Data excerpt ->
--- START ---
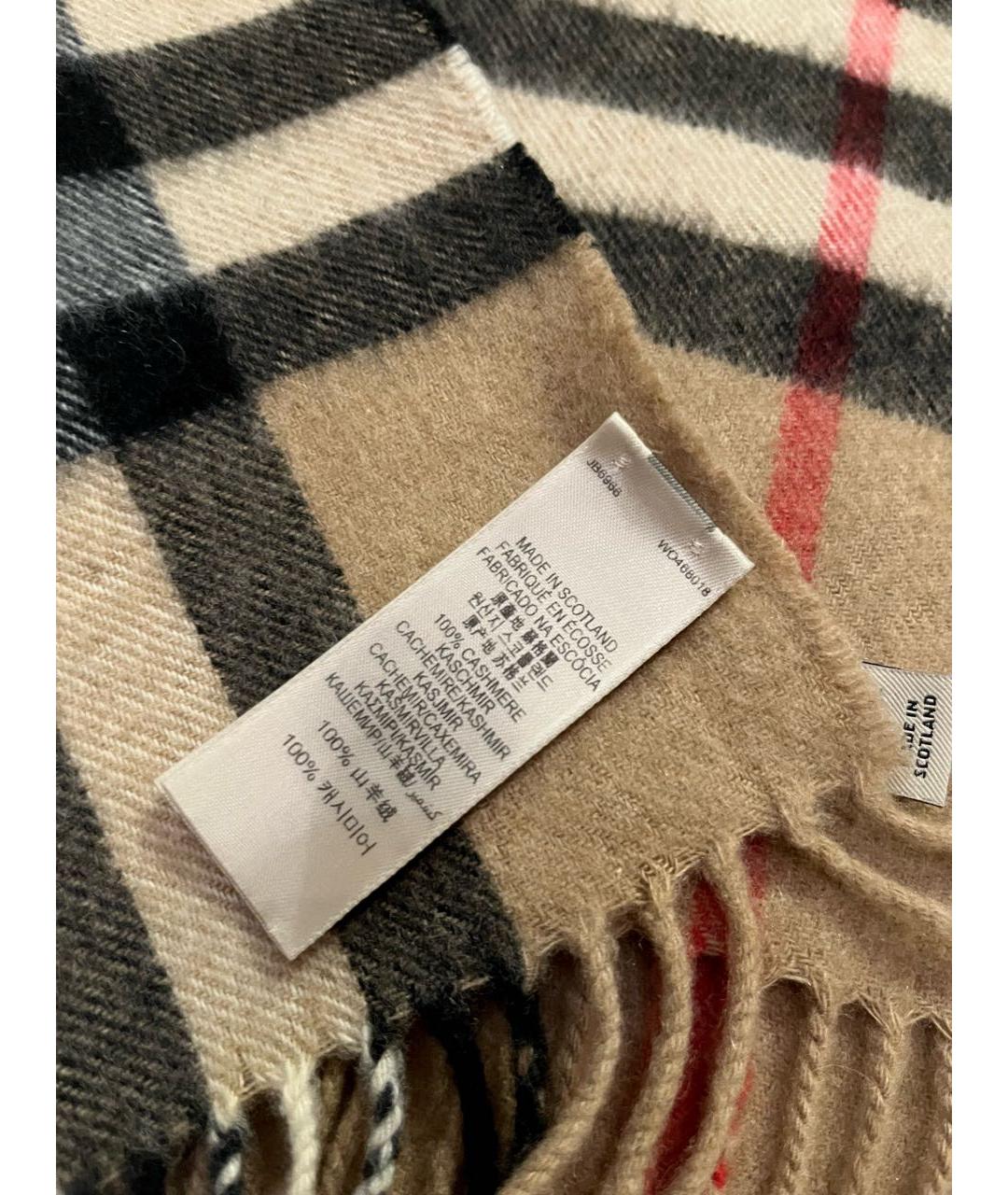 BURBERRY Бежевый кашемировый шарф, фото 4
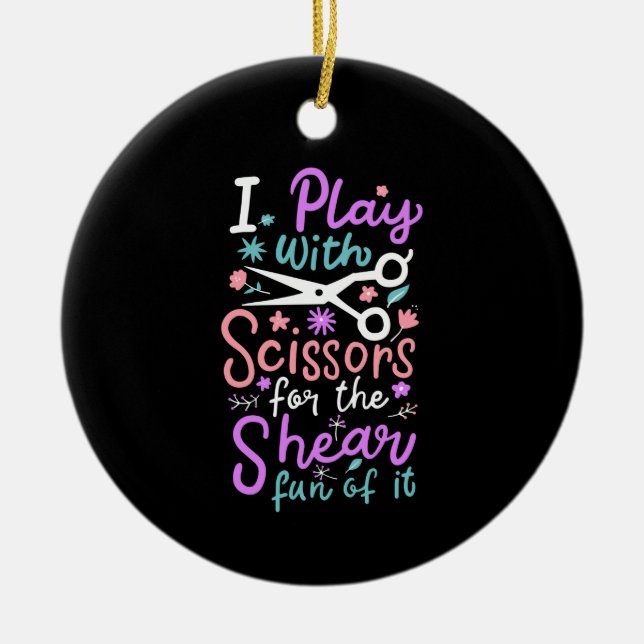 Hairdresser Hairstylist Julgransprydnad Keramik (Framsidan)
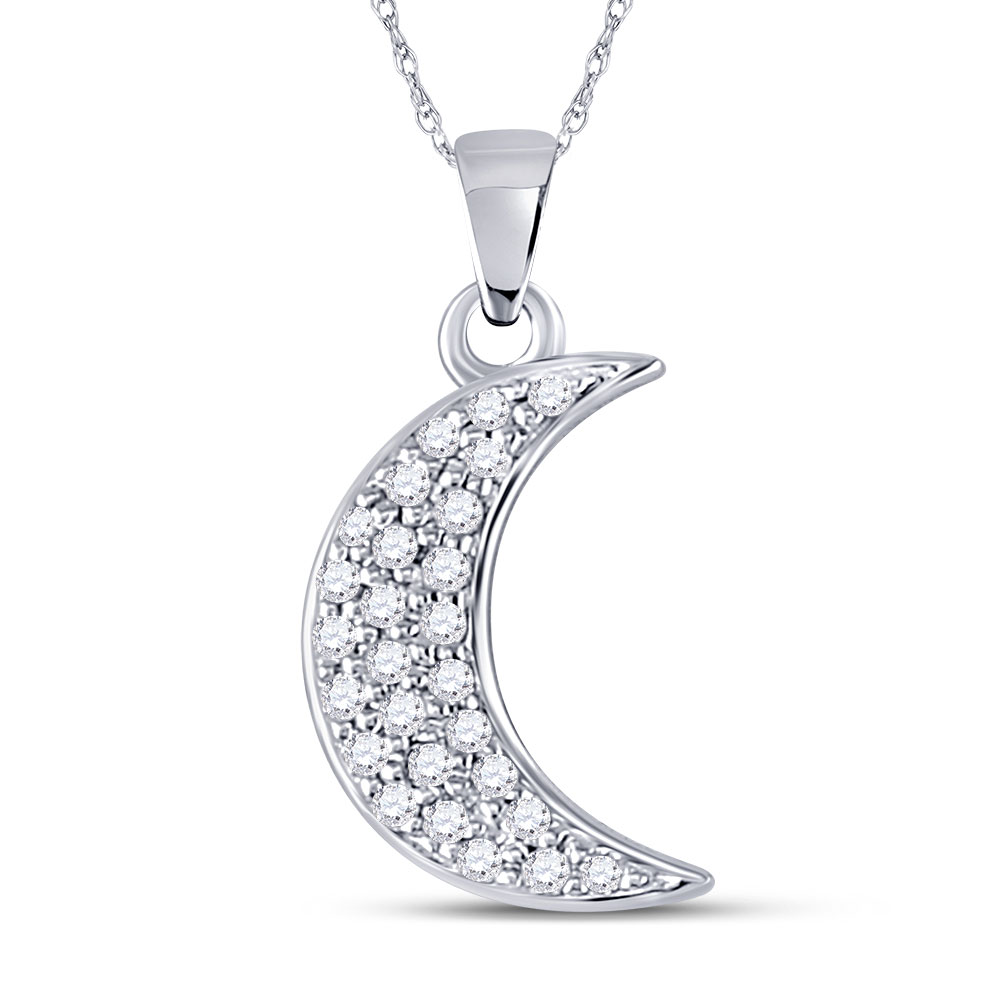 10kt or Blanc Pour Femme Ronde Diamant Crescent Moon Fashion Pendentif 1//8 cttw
--- END ---
Problem requirements -> Return the material verbatim; the images are not to appear in the copy.

Result of this exercise ->
 BURBERRY Бежевый кашемировый шарф, фото 4
 Hairdresser Hairstylist Julgransprydnad Keramik (Framsidan)
 10kt or Blanc Pour Femme Ronde Diamant Crescent Moon Fashion Pendentif 1//8 cttw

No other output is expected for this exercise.